Plan and validate ranking experiment
Company: SoFi
Role: Data Scientist
Category: Analytics & Experimentation
Difficulty: hard
Interview Round: Technical Screen
You have a new ranking algorithm for the home page and must validate it safely. Design a three-stage evaluation plan: offline replay with IPS/DR, small-scale interleaving (team-draft), then full A/B. Be concrete: (1) Define exposure unit (impression-level vs. session-level) and bucketing to avoid contamination across sessions/devices. (2) Primary metric is 30-day funded-account conversion per 1,000 impressions; baseline = 1.20%, target relative uplift = +5%, power = 0.8, alpha = 0.05. Compute the per-arm sample size assuming independent impressions, then discuss inflation for repeated exposures and cluster-robust variance. (3) List guardrails (p95 latency, app crash rate, CS tickets, decline rate) and how you’ll set sequential boundaries (e.g., alpha spending or SPRT) to allow early stop without inflating Type I error. (4) Explain how to mitigate novelty effects, carryover, and seasonality; specify ramp policy and duration for capturing 30-day outcomes while using proxy metrics for early reads with CUPED or covariate adjustment. (5) Describe heterogeneous treatment effect analysis (new vs. existing users, credit tiers) and how you’ll control false discovery with BH or Holm. (6) Provide a plan to detect p-hacking/Simpson’s paradox and define ship criteria when primary and guardrails disagree.
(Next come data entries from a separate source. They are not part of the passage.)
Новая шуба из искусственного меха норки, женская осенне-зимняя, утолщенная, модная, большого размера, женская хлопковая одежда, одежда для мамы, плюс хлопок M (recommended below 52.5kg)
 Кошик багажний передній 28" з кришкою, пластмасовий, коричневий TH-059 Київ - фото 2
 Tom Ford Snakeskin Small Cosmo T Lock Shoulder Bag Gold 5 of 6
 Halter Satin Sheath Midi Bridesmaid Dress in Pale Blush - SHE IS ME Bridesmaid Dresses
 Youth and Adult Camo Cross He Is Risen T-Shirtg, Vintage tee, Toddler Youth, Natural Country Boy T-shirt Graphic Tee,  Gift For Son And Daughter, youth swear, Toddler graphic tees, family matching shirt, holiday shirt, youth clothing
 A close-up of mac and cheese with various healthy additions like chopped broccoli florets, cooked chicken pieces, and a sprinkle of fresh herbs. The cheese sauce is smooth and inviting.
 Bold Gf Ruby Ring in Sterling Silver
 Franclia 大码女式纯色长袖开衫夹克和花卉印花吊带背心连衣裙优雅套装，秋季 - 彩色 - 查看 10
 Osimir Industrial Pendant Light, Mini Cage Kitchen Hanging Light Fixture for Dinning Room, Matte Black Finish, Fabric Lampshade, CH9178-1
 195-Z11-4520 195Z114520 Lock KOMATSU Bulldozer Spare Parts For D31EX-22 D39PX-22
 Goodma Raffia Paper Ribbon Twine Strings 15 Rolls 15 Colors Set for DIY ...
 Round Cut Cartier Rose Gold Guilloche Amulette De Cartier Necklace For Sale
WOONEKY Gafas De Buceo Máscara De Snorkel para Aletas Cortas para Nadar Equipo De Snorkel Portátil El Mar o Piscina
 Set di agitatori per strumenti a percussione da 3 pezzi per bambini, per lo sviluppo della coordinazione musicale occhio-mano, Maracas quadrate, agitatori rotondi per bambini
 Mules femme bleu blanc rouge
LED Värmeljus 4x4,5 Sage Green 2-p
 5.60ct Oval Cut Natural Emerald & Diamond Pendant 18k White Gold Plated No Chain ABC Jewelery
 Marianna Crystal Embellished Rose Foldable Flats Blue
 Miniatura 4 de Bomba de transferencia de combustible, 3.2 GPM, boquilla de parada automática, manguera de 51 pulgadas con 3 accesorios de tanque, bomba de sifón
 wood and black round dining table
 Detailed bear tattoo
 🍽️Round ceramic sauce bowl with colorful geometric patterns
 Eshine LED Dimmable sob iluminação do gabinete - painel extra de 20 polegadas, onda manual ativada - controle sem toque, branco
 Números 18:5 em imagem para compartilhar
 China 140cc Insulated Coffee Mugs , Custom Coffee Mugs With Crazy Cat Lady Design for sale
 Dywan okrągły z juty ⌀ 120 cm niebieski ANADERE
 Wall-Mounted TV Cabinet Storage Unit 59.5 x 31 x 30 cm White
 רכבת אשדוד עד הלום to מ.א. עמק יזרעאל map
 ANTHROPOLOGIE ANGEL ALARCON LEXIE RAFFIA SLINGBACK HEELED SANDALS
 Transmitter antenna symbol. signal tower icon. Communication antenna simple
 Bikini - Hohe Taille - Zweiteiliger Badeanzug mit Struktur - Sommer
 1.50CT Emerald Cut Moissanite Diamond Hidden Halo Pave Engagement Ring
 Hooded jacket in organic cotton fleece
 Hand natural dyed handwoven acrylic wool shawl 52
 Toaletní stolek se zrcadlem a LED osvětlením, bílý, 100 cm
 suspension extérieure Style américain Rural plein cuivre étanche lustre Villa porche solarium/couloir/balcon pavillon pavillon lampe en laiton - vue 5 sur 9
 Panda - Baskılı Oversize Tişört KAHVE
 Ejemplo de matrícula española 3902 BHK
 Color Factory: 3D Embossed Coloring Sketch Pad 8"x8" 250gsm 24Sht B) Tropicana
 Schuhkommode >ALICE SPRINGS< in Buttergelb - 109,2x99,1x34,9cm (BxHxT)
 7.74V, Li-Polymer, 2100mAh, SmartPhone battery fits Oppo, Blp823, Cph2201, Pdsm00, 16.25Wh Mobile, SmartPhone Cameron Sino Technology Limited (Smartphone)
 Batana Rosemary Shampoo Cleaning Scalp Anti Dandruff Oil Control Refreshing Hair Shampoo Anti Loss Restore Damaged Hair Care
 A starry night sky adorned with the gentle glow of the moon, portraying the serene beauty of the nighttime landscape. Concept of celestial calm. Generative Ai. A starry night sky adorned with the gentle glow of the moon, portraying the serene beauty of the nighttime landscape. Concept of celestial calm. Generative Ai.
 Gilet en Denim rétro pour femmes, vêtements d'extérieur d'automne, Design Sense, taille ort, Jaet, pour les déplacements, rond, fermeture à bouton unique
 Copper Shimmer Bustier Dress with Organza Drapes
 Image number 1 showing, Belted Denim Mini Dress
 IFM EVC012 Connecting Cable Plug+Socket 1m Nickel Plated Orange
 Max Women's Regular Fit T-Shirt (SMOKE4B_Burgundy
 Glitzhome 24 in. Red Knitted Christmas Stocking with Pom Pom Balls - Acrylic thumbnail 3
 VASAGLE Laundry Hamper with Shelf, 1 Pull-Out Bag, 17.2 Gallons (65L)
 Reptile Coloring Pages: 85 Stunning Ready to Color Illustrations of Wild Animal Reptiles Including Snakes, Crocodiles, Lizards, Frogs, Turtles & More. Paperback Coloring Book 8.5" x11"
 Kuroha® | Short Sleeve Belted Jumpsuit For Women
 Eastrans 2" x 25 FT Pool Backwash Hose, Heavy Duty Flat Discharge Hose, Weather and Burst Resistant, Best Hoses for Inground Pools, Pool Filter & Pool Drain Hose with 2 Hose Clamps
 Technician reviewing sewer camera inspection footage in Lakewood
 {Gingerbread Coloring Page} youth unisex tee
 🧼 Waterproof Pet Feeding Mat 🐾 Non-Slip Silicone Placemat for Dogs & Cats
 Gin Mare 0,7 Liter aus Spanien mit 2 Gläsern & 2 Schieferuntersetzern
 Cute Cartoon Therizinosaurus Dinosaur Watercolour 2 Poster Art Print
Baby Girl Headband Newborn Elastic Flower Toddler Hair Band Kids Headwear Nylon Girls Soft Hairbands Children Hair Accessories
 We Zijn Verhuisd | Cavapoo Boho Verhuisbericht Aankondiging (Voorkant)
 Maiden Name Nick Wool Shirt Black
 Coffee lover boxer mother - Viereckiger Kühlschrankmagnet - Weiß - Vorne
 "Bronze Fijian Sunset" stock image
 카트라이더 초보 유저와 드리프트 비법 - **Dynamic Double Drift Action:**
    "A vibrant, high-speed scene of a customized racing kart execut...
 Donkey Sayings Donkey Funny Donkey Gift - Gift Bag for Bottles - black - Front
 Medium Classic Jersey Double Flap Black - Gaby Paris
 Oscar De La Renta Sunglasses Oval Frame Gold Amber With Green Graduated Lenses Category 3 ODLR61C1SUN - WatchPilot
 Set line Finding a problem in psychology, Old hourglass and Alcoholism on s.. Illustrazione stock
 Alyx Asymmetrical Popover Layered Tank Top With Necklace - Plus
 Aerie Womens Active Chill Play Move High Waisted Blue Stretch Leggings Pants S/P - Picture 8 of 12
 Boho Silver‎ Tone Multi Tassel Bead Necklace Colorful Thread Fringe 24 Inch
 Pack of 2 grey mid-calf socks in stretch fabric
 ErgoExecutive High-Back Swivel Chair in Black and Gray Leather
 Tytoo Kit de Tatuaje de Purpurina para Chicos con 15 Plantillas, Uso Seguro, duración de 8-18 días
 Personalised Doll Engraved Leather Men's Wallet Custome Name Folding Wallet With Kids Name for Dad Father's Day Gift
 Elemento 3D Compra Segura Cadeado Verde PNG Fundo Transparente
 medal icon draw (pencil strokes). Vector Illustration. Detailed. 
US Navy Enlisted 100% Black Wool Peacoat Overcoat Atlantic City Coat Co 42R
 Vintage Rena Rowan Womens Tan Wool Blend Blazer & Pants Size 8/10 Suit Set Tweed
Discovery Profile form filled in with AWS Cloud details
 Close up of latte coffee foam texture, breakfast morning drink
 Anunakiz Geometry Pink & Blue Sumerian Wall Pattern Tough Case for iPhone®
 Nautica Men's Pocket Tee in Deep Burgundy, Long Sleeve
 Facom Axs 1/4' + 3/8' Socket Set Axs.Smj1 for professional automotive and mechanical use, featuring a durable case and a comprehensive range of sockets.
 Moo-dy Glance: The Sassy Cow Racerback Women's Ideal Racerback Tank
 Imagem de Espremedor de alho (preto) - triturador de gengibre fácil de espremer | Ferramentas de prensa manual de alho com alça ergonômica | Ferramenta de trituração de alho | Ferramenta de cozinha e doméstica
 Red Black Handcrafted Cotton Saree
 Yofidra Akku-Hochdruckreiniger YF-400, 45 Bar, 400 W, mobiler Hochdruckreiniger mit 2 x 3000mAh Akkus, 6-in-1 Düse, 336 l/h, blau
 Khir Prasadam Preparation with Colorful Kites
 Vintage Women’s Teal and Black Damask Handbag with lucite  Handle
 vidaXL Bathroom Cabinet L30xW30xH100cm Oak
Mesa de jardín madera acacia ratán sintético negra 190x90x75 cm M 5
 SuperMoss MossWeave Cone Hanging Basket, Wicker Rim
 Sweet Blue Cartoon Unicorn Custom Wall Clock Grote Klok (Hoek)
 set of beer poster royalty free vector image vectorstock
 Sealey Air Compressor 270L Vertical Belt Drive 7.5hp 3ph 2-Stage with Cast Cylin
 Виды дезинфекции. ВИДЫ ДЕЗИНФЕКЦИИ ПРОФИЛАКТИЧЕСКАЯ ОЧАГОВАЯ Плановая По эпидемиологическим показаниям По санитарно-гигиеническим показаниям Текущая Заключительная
Quick Answer: This question evaluates skills in experimental design and analytics, covering offline counterfactual replay, interleaving and A/B testing, sample-size and power computation, sequential testing and alpha spending, guardrail monitoring and ramp policies, proxy metrics and covariate adjustment, heterogeneous treatment effect analysis, and governance concerns such as p-hacking and Simpson’s paradox within the Analytics & Experimentation domain for Data Scientist roles. It is commonly asked to probe proficiency in rigorously validating ranking changes while balancing statistical error, operational risk and bias mitigation, and it emphasizes practical application of applied statistical concepts and experiment governance rather than purely theoretical understanding.